DATA TO EXAMINE:
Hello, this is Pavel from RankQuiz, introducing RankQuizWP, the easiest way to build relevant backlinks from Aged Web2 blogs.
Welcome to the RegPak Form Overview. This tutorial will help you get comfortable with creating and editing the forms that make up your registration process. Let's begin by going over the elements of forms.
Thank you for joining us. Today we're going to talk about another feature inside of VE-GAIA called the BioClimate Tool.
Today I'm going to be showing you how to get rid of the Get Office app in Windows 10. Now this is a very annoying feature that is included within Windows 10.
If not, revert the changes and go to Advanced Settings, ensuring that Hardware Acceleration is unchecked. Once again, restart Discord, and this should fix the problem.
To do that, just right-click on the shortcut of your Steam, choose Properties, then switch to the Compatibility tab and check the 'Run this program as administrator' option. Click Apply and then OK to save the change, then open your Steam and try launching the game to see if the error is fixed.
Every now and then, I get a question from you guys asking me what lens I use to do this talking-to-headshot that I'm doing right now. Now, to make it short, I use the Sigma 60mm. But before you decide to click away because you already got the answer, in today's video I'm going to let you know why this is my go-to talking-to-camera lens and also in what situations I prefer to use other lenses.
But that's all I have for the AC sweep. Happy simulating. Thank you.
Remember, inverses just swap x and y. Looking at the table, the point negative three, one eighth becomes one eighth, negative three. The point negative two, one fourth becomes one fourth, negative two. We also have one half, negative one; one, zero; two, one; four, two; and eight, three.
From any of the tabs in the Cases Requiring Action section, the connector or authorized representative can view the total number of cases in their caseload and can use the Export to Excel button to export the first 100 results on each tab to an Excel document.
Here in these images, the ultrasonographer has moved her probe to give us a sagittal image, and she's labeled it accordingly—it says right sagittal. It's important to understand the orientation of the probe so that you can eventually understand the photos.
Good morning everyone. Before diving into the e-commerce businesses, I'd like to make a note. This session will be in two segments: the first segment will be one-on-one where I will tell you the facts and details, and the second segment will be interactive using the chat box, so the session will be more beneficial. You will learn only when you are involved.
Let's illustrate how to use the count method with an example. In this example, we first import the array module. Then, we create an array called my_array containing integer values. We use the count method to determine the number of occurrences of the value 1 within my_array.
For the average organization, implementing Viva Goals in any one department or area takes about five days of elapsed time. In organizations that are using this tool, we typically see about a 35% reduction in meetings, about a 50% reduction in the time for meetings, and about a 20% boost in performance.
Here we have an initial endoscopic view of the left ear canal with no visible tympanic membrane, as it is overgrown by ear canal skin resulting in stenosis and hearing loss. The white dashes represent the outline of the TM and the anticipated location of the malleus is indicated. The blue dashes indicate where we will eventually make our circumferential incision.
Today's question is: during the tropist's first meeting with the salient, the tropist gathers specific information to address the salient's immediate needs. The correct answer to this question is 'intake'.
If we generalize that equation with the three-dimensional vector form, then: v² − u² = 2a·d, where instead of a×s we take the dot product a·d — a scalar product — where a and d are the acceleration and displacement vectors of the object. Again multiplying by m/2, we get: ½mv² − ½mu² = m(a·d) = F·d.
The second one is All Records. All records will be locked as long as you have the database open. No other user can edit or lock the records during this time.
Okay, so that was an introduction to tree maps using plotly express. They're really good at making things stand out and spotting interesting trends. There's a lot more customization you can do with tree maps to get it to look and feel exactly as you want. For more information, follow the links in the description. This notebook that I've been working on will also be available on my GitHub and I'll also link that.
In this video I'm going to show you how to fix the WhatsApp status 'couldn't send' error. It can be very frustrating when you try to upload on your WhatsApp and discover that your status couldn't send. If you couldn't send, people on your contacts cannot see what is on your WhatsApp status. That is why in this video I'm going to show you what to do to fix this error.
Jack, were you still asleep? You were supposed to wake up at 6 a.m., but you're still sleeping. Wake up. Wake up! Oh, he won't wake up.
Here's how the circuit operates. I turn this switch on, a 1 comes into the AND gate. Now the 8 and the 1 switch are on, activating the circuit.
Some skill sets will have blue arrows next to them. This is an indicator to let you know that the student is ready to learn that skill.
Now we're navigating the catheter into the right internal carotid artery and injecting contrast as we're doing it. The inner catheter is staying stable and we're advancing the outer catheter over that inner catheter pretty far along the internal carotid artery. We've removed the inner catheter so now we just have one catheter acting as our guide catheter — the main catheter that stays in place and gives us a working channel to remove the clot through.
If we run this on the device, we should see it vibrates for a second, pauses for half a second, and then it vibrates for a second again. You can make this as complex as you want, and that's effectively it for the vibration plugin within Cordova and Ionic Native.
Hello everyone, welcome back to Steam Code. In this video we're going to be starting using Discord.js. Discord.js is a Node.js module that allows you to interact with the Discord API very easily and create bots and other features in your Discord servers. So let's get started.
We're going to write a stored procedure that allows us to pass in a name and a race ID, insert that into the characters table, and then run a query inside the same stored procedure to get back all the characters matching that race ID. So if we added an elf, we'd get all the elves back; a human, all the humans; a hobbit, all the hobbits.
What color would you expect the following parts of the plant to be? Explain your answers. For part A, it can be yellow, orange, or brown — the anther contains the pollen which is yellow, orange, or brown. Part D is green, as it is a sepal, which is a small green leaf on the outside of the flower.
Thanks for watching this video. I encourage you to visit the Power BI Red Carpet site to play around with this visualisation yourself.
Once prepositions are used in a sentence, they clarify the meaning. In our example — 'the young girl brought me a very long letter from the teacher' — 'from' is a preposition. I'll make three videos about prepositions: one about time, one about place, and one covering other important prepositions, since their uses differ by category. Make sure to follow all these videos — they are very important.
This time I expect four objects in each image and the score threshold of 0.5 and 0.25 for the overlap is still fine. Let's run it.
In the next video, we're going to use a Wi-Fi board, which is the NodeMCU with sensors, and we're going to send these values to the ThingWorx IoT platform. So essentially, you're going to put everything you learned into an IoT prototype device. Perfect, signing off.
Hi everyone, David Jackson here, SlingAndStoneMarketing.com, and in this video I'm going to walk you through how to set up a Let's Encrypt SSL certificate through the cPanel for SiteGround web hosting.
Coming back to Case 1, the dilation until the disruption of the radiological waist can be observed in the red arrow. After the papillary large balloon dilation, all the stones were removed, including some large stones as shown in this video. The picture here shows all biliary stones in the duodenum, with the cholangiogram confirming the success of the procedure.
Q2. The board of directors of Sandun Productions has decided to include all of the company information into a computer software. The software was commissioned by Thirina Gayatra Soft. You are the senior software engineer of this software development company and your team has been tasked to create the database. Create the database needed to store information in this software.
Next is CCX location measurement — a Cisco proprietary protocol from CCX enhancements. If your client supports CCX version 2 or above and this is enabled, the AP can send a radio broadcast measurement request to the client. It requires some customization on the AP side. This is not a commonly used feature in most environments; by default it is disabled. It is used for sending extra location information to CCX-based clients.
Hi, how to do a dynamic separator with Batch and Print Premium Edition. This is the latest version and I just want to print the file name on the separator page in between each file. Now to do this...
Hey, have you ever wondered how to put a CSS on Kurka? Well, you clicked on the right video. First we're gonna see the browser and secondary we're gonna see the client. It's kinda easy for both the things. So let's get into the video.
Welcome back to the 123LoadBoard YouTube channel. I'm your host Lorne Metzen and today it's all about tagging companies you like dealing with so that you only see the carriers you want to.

WHAT THE TASK REQUIRES: Using the records given above, list every line that includes the word "Hello".

OUTPUT OF THE EXERCISE:
Hello, this is Pavel from RankQuiz, introducing RankQuizWP, the easiest way to build relevant backlinks from Aged Web2 blogs.
Hello everyone, welcome back to Steam Code. In this video we're going to be starting using Discord.js. Discord.js is a Node.js module that allows you to interact with the Discord API very easily and create bots and other features in your Discord servers. So let's get started.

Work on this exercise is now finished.